Monday, December 1, 2014

GURU DRONA

Berbagai macam polemik muncul dalam setiap benak manusia. Yaitu bagaimana manusia bisa menjadi manusia yang faseh menciptakan kenikmatan dan akan dibawa kenikmatan tersebut dalam alam akherat. Maksudnya adalah manusia yang seperti apa yang perlu diciptakan di dunia sebagai wujud kelengkapan bumi dan seisinya.  Saat muncul pertanyaan seperti ini akan banyak karakter yang menerjemahkannya. Kenapa penulis bilang karakter, karena manusia tidak lepas dari karakter aslinya menelanjangi setiap nafas yang menaunginya. Setiap manusia berbeda dalam setiap gerakan hidupnya. Dan semua akan bersumber dari bagaimana dia berakhlak dan beraqidah. Aqidah yang benar atau yang sesat semua akan kembali pada kualitas keyakinan yang dimilikinya. Dan ini akan membentuk karakter yang berbeda satu sama lain. Bahkan ironisnya setiap karakter ini akan memutarbalikkan keyakinannya dengan ditopang ego dan perangainya bukan aqidah yang membelenggu akhlak namun akhlak yang menuntun kebiasaan beribadah, bermuamalah dan beraqidah.

Apakah semua sudah mencerminkan kepuasan sebagai manusia? Jawabnya adalah dari siapa kita dibentuk.
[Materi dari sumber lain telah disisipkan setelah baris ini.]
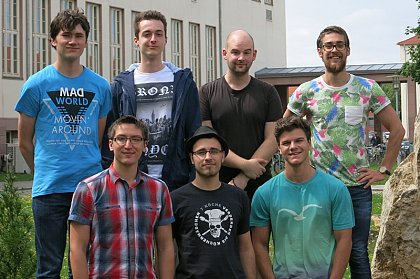 v.l.n.r.: Maximillian Büttner, Steffen Manigk, Norman Holtz, Florian Johnke, René-Pierre Geiß, Felix Schmdit, Florian Lücke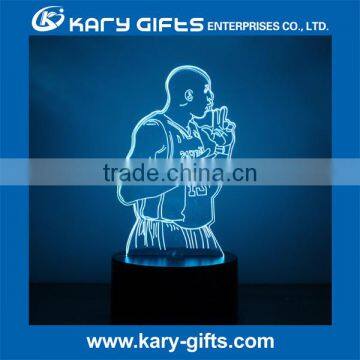 Factory Supply LED Night Light 3D Illusion Table Lighting Lamp in Stocking photo-2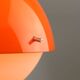 Italian Orange Acrylic Glass Pendant Lamp, 1970s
Oleh wadah apa kita dibesarkan. Bagaimana proses pendewasaan kita selama ini. Untuk siapa semua yang kita lakukan. Bagaimana tolak ukur semangat hidup kita dalam koridor super ego. Siapa yang kita panuti. Akankah kita bisa kembali berubah.
Semua pertanyaan akan muncul dalam benak siapapun untuk menyimak celah pemikiran dari masa ke masa, dari waktu ke waktu dan dari wajah ke wajah. Perjalanan hidup review ulang untuk menemukan kembali jatidiri dan biografi kita menjelang dan selang menurunnya usia. Akankah semua bisa terjawab? Tentunya kembali kepada kesabaran kita dalam menerjemahkan perjalanan hidup kita dari awal hingga saat sekarang ini.
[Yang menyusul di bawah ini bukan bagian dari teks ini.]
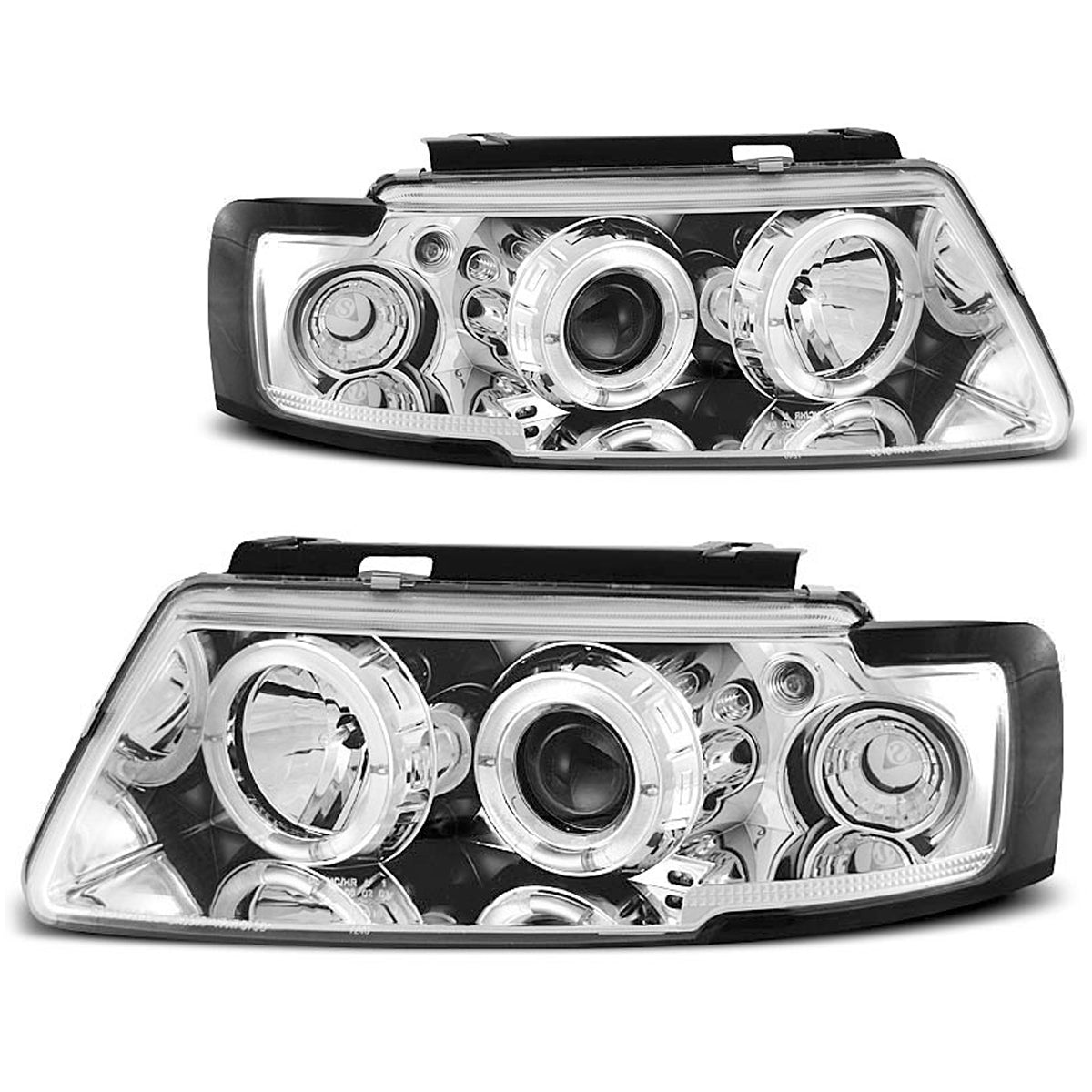 Scheinwerfer Angel Eyes Chrom passend für VW Passat B5 3B 11.96-08.00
Banyak momentum yang menjadikan perjalanan wajah kita menjadi dewasa, dewasa karena sebab akibat, dewasa karena dipaksakan oleh sebab, dewasa karena harus memaksakan diri demi meneruskan hidup, dewasa yang terbentuk oleh peradaban dan pergaulan, dewasa yang digebiri oleh orang tua kita, dewasa yang dituntun oleh pasangan hidup kita karena tertekan, dewasa yang mutlak karena impian dan ambisi kita, dewasa yang muncul karena faktor tidak disengaja dan berbagai bentuk kedewasaan yang menjadikan kita dewasa (gede dawa lan rosa = jawa).
Dari siapakah kita menjadi sampai seperti sekarang ini. Pertama adalah nikmat dari Allah SWT yang menghidupkan kita. Kedua, dari orangtua kita yang telah melahirkan, mendidik dan membesarkan kita. Ketiga, dari pengajar (ustadz/guru) yang telah menyampaikan keilmuannya demi perjalanan hidup kita. Keempat, dari nasib kita yang telah menjerumuskan kita menjadi manusia seperti sekarang ini. Dan akhirnya Kelima adalah kita akan kembali pulang ke pangkuan Allah SWT dengan kemampuan kita selama hidup di dunia.
Orangtua dan guru adalah hakekatnya sama, bagaimana menghormati orangtua kita, jelas setelahnya mampu menghormati guru-guru kita. Seperti apa kita memperlakukan orangtua nantinya juga kita bisa menjadikan guru kita simbol kebanggan. Saat mencurahkan kasih sayang kepada orangtua hakikatnya kita jelas akan mampu memberikan kebahagiaan kepada guru-guru kita dengan berlaku bijak dan patuh. Bagaimana kita membentuk kematangan dari orangua kita jelas kita mampu menjadi guru sebagai suri tauladan peserta didik.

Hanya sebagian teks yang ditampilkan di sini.